Skip to content

Disaster Recovery - Overview

Scope: Complete homelab rebuild from zero. Use this guide when the physical Proxmox server (chronobyte) is destroyed, unbootable, or otherwise unrecoverable.

A reader with access to the Bitwarden vault and minimal technical knowledge can follow this guide end-to-end and restore the entire homelab stack.


What is this Homelab?

This homelab runs a small Kubernetes cluster on a single physical server using several layers of technology stacked on top of each other. Here is what each layer does:

graph TD
    apps["Your Applications<br/><i>Jellyfin, Uptime Kuma, Authentik, etc.</i>"]
    k3s["Kubernetes (k3s)<br/><i>orchestrates containers</i>"]
    vms["Virtual Machines<br/><i>4 VMs created by OpenTofu</i>"]
    proxmox["Proxmox VE<br/><i>hypervisor running on bare metal</i>"]
    server["Physical Server - chronobyte"]

    apps --> k3s
    k3s --> vms
    vms --> proxmox
    proxmox --> server

    subgraph cloud["Supporting services (external / cloud)"]
        ts["Tailscale - secure private networking"]
        cf["Cloudflare - public DNS records"]
        s3["AWS S3 - backups and infrastructure state"]
        gh["GitHub - all code and Kubernetes manifests"]
        bw["Bitwarden - stores all secrets/credentials"]
    end

The key insight: everything except the physical hardware is either stored in the cloud (code in GitHub, state in AWS S3, backups in S3, secrets in Bitwarden) or can be recreated automatically. This is why recovery is possible from zero.


Recovery Phases

Follow these phases in order. Each phase links to a dedicated document with full details.

# Phase Time Description
0 Prerequisites 15 min Verify Bitwarden vault and gather all credentials
1 External Services 10 min Confirm GitHub, AWS S3, Cloudflare, Tailscale are intact
2 Proxmox Rebuild 30–45 min Install Proxmox VE, configure network, create VM template
3 OpenTofu Apply 15 min Provision all 4 VMs, DNS records, S3 bucket, Tailscale keys
4 k3s Cluster 20 min Deploy Kubernetes control plane and worker nodes
5 Flux Bootstrap 15 min Install Flux CD and trigger GitOps reconcile
6 Secrets Restore 10 min Apply secrets that cannot be stored in git
7 Validation 15 min Verify all services are healthy

Total estimated time: 2–3 hours (assuming Proxmox installs cleanly and VMs boot without issues)

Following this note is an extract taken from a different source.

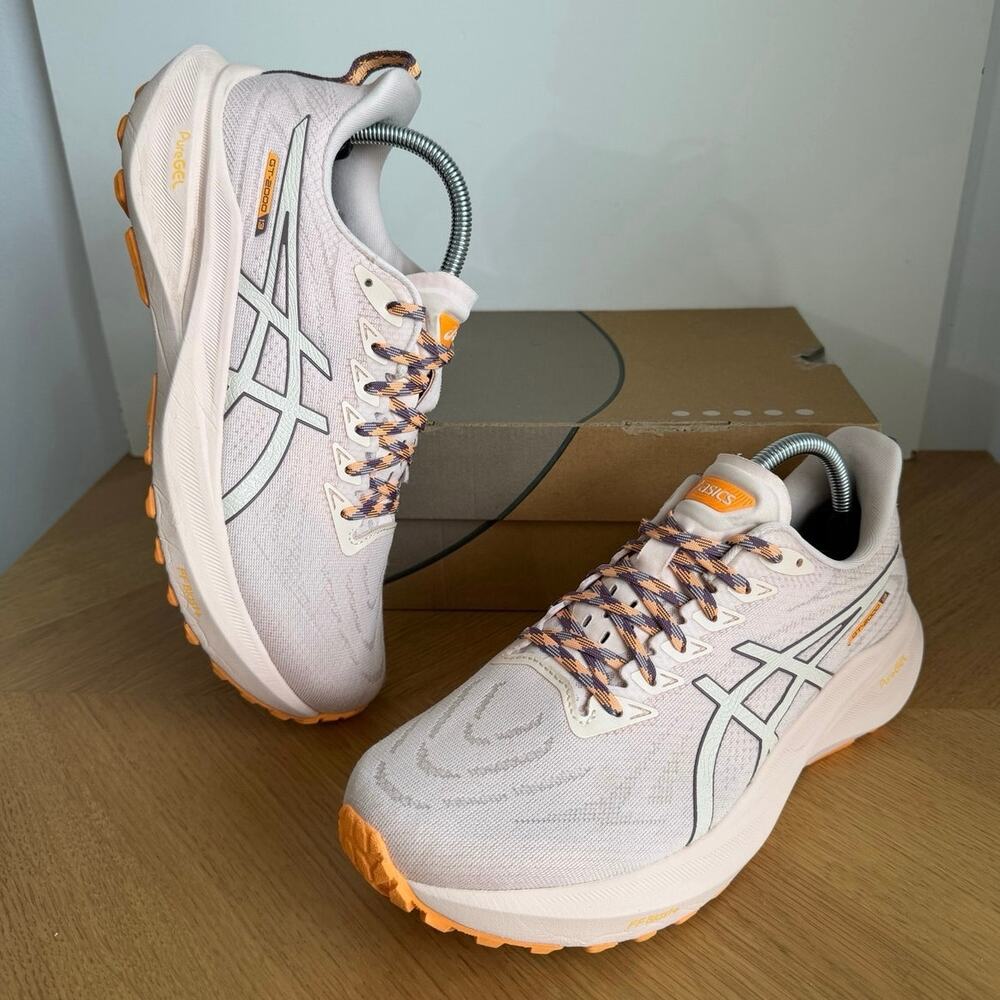 ASICS GT- 2000 13 โNature Bathingโ Women Trail Sneakers- SZ 10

What is NOT Lost in a Hardware Failure

Because critical state lives outside the physical server:

Data Location Notes
All Kubernetes manifests GitHub (hexabyte8/homelab) Everything needed to redeploy every service
OpenTofu infrastructure state AWS S3 (chronobyte-homelab-tf-state) Tracks all created VMs, DNS records, S3 buckets
Game server backups AWS S3 Versioned, AES-256 encrypted, 90-day retention
All credentials and secrets Bitwarden Single source of truth for all passwords and keys

Technology Reference

Not sure what a technology does or how it works? These pages explain each one from scratch:

Technology What it does
Proxmox VE Hypervisor - runs virtual machines on bare metal
OpenTofu Infrastructure as Code - creates VMs, DNS records, S3 buckets automatically
Kubernetes / k3s Container orchestration - runs and manages containers across multiple nodes
Flux CD & GitOps Continuous delivery - keeps cluster state in sync with GitHub
Tailscale Private networking - secure VPN mesh between all machines
Cloudflare Public DNS, Tunnel, and Email Routing - maps domain names and forwards inbound mail
Longhorn Distributed storage - persistent volumes for Kubernetes workloads
Ansible Configuration management - automates node setup and application deployment
AWS S3 Object storage - game server backup destination
Bitwarden Secrets management - stores all credentials securely
GitHub Actions CI/CD - automates deployment workflows

Services Running on the Cluster

Service Namespace Access Purpose
Flux CD flux-system - (cluster internal) GitOps controller
Authentik authentik https://authentik.tailnet.ts.net SSO / Identity Provider
Stalwart stalwart https://mail.tailnet.ts.net Email server + webmail
AdGuard Home adguard https://adguard.tailnet.ts.net DNS-based ad blocking
Jellyfin jellyfin https://jellyfin.tailnet.ts.net Media server
Uptime Kuma uptime-kuma https://status.example.com (public) Uptime monitoring
MkDocs/Zensical GitHub Pages https://docs.chronobyte.net This documentation
Longhorn longhorn-system https://longhorn.tailnet.ts.net Storage UI
cert-manager cert-manager - (cluster internal) Automatic TLS certificates
cloudflared cloudflared - (cluster internal) Cloudflare Tunnel daemon
Traefik kube-system - (cluster internal) Ingress reverse proxy
MetalLB metallb-system - (cluster internal) LoadBalancer IP assignment
Tailscale Operator tailscale - (cluster internal) Tailscale Ingress provisioner
CNPG cnpg-system - (cluster internal) PostgreSQL operator

Quick-Reference: Infrastructure Map

graph TD
    subgraph phys["Physical Server: chronobyte<br/>OS: Proxmox VE | LAN: <proxmox-lan-ip> | Tailscale: chronobyte.tailnet.ts.net"]
        srv["VM: k3s-server (VMID 102)<br/>LAN: <k3s-server-lan-ip> | Tailscale: <k3s-server-ts-ip><br/>Role: Kubernetes control plane"]
        ag1["VM: k3s-agent-1 (VMID 101)<br/>LAN: <k3s-agent-1-lan-ip> | Tailscale: <k3s-agent-1-ts-ip><br/>Role: Kubernetes worker node"]
        ag2["VM: k3s-agent-2 (VMID 103)<br/>LAN: <k3s-agent-2-lan-ip> | Tailscale: <k3s-agent-2-ts-ip><br/>Role: Kubernetes worker node"]
        gs["VM: game-server (VMID 104)<br/>LAN: DHCP | Tailscale: auto-assigned<br/>Role: Minecraft game server"]
    end
    srv --- ag1
    srv --- ag2

Before You Start

  1. Read the Prerequisites page first - without the Bitwarden secrets, recovery is impossible.
  2. Do not skip steps - each phase depends on the previous one completing successfully.
  3. Use GitHub Actions where possible - the recommended path uses pre-built workflows that handle secrets automatically.
  4. Check the Technology Reference pages if you are unfamiliar with a tool before using it.